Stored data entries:
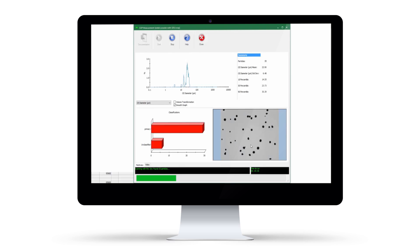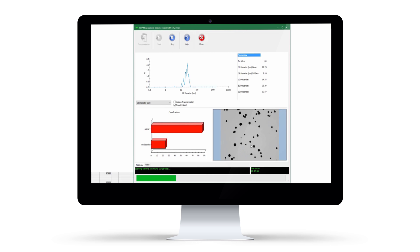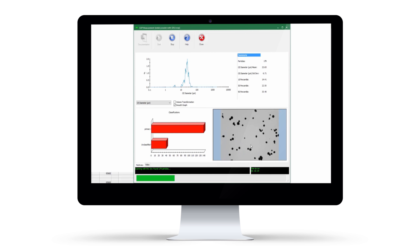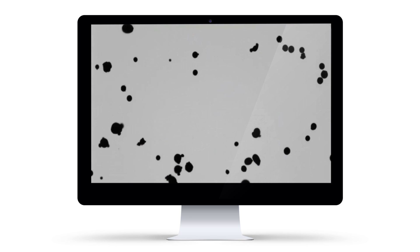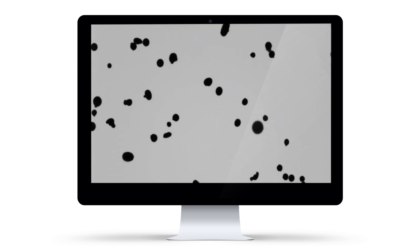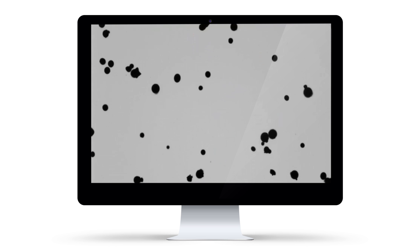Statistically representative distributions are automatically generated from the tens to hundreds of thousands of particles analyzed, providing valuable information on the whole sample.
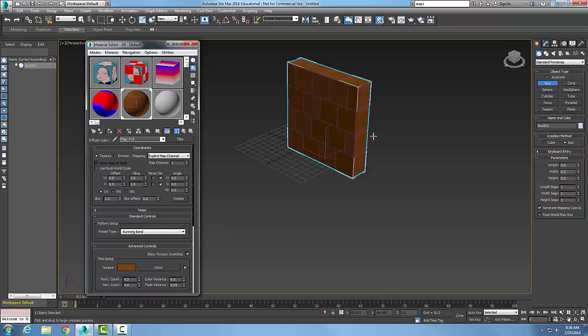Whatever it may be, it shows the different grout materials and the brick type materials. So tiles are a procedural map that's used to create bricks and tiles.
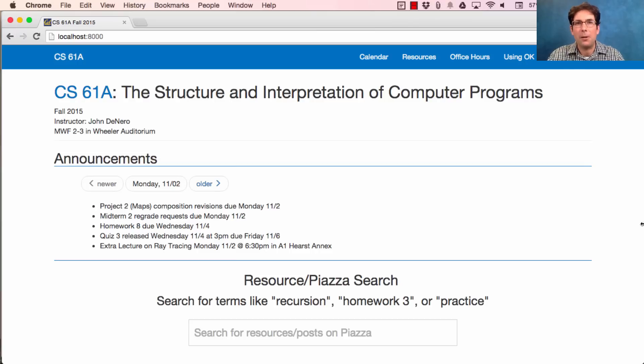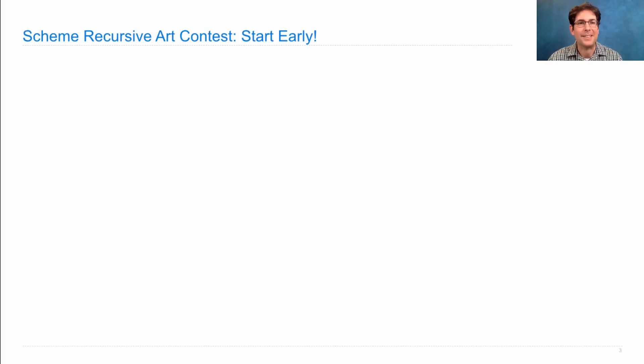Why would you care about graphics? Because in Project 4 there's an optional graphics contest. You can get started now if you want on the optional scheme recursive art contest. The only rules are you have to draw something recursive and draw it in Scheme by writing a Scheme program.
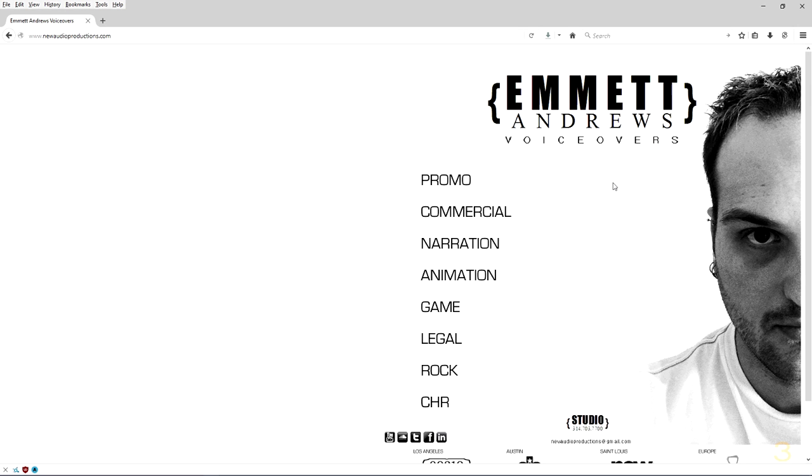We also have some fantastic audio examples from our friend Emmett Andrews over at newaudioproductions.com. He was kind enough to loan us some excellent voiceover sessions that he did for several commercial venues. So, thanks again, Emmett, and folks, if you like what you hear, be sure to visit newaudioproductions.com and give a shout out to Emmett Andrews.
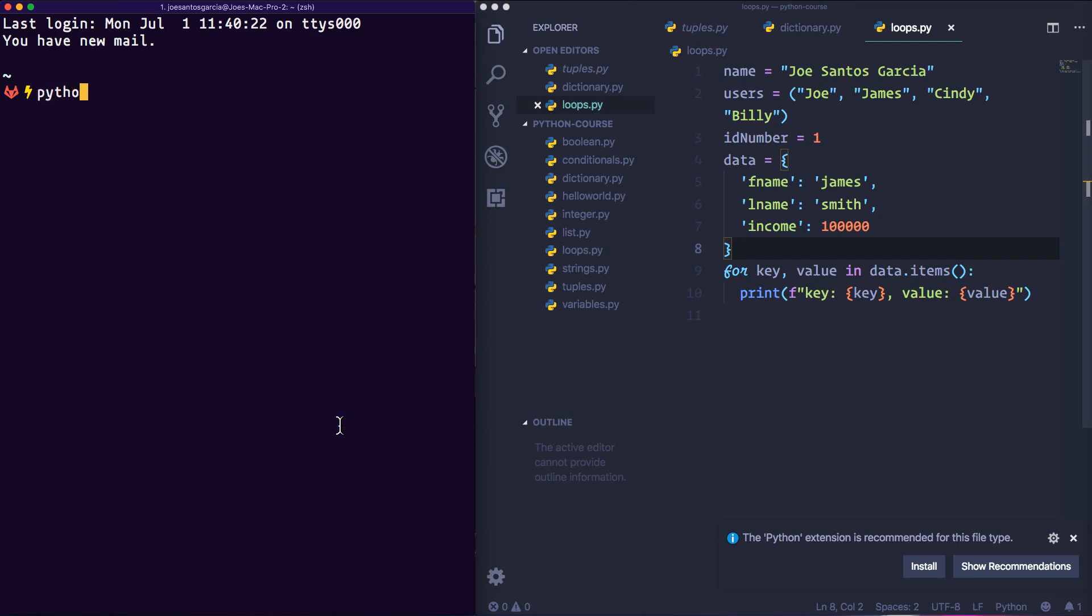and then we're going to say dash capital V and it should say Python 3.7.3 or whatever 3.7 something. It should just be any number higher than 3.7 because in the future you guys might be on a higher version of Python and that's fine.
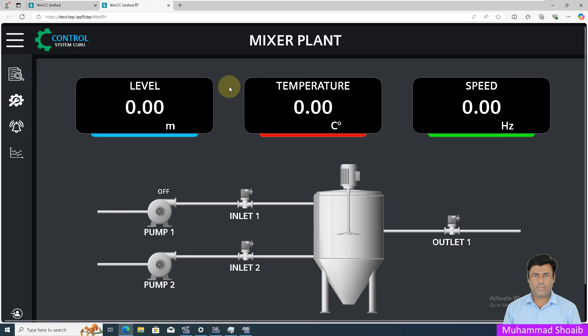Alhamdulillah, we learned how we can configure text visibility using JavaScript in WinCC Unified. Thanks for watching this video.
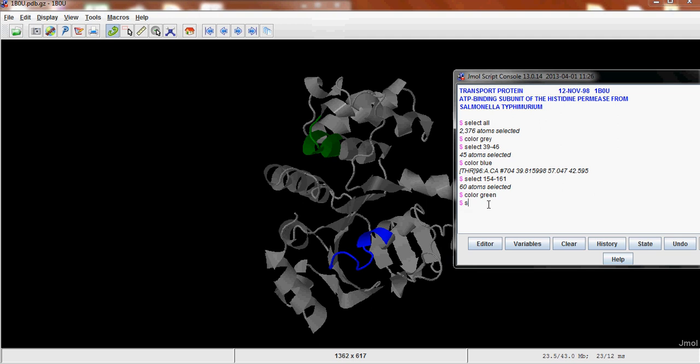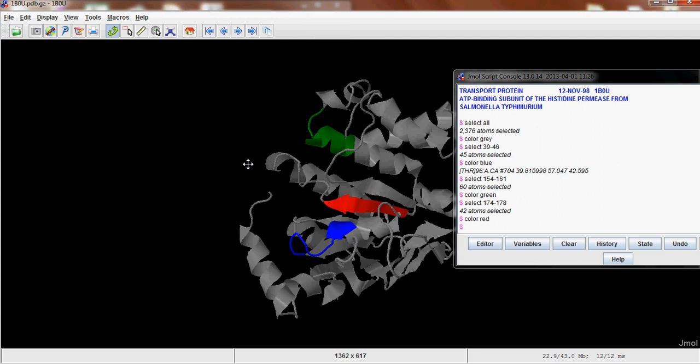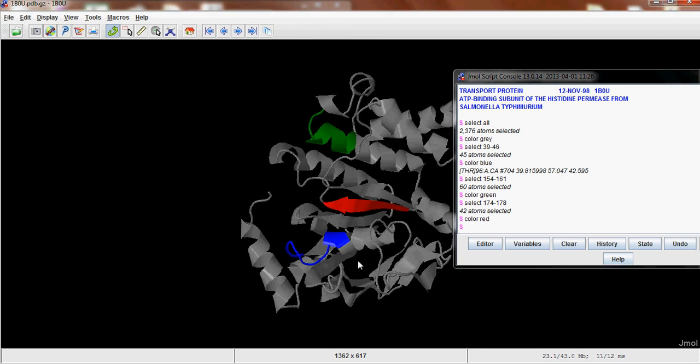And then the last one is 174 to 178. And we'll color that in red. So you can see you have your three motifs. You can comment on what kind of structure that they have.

> **WHAT TO PRODUCE**: Copy the data word for word, no pictures.

> **WRITTEN RESPONSE**:
Statistically representative distributions are automatically generated from the tens to hundreds of thousands of particles analyzed, providing valuable information on the whole sample.
Whatever it may be, it shows the different grout materials and the brick type materials. So tiles are a procedural map that's used to create bricks and tiles.
Why would you care about graphics? Because in Project 4 there's an optional graphics contest. You can get started now if you want on the optional scheme recursive art contest. The only rules are you have to draw something recursive and draw it in Scheme by writing a Scheme program.
We also have some fantastic audio examples from our friend Emmett Andrews over at newaudioproductions.com. He was kind enough to loan us some excellent voiceover sessions that he did for several commercial venues. So, thanks again, Emmett, and folks, if you like what you hear, be sure to visit newaudioproductions.com and give a shout out to Emmett Andrews.
and then we're going to say dash capital V and it should say Python 3.7.3 or whatever 3.7 something. It should just be any number higher than 3.7 because in the future you guys might be on a higher version of Python and that's fine.
Alhamdulillah, we learned how we can configure text visibility using JavaScript in WinCC Unified. Thanks for watching this video.
And then the last one is 174 to 178. And we'll color that in red. So you can see you have your three motifs. You can comment on what kind of structure that they have.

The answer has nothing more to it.